6.824 2015 Lecture 3: Primary/Backup Replication

Note: These lecture notes were slightly modified from the ones posted on the 6.824 course website from Spring 2015.

Today

Fault tolerance

Need a failure model: what will we try to cope with?

Core idea: replication

Example: fault-tolerant MapReduce master

Big questions

Two main approaches:

  1. State transfer
  2. Replicated state machine

State transfer is simpler

Replicated state machine can be more efficient

Remus: High Availability via Asynchronous Virtual Machine Replication, NSDI 2008

Very ambitious system

Plan 1 (slow, broken):

Q: Is Plan 1 correct (as described above)?

Q: What will outside world see if primary fails and replica takes over?

Q: How to decide if primary has failed?

Q: How will clients know to talk to backup rather than primary?

Q: What if site-wide power failure?

Q: What if primary fails while sending state to backup?

Q: What if primary gets request, sends checkpoint to backup, and just before replying primary fails?

Q: Is Plan 1 efficient?

Remus epochs, checkpoints

  1. Primary runs for a while in Epoch 1 (E1), holding E1's output
  2. Primary pauses
  3. Primary copies RAM+disk changes from E1 to local buffer
  4. Primary resumes execution in E2, holding E2's output
  5. Primary sends checkpoint of RAM+disk to backup
  6. Backup copies all to separate RAM, then applies, then ACKs
  7. Primary releases E1's output
  8. Backup applies E1's changes to RAM and disk

If primary fails, backup finishes applying last epoch's disk+RAM, then starts executing

Q: Any externally visible anomalies?

Q: What if primary receives + executes a request, crashes before checkpoint? backup won't have seen request!
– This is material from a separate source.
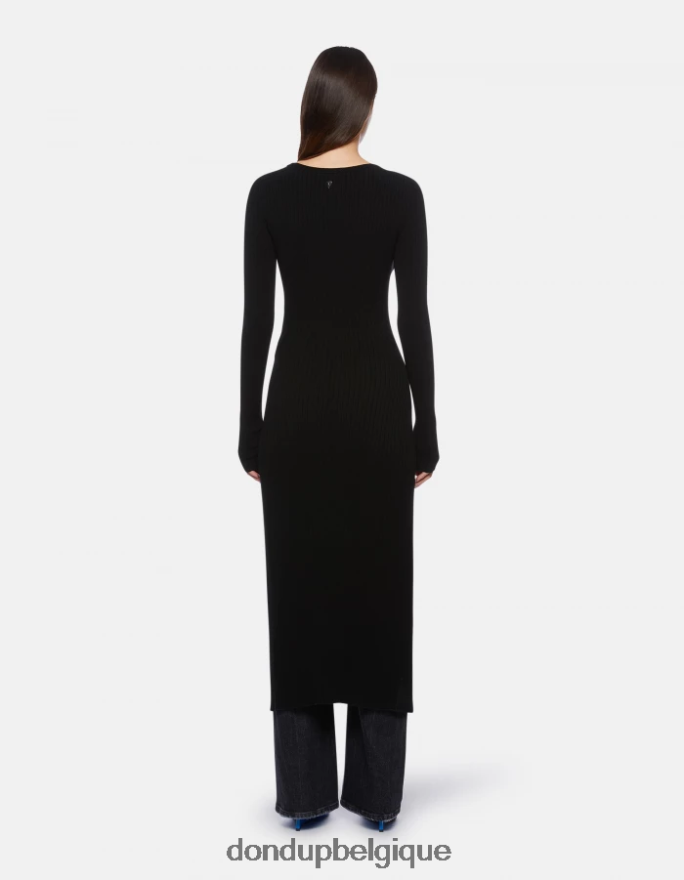 femmes vêtements DONDUP noir robe longue en viscose 8826D0286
Q: If primary sends a packet, then crashes, is backup guaranteed to have state changes implied by that packet?

Q: What if primary crashes partway through release of output? must backup re-send? How does it know what to re-send?

Q: How does Remus decide it should switch to backup?

Q: Are there situations in which Remus will incorrectly activate the backup? i.e. primary is actually alive

Q: When primary recovers, how does Remus restore replication? Needed, since eventually active ex-backup will itself fail

Q: What if both fail, e.g. site-wide power failure?

Q: In what situations will Remus likely have good performance?

Q: In what situations will Remus likely have low performance?

Q: Should epochs be short or long?

Remus evaluation

Why so slow?

How could one get better performance for replication?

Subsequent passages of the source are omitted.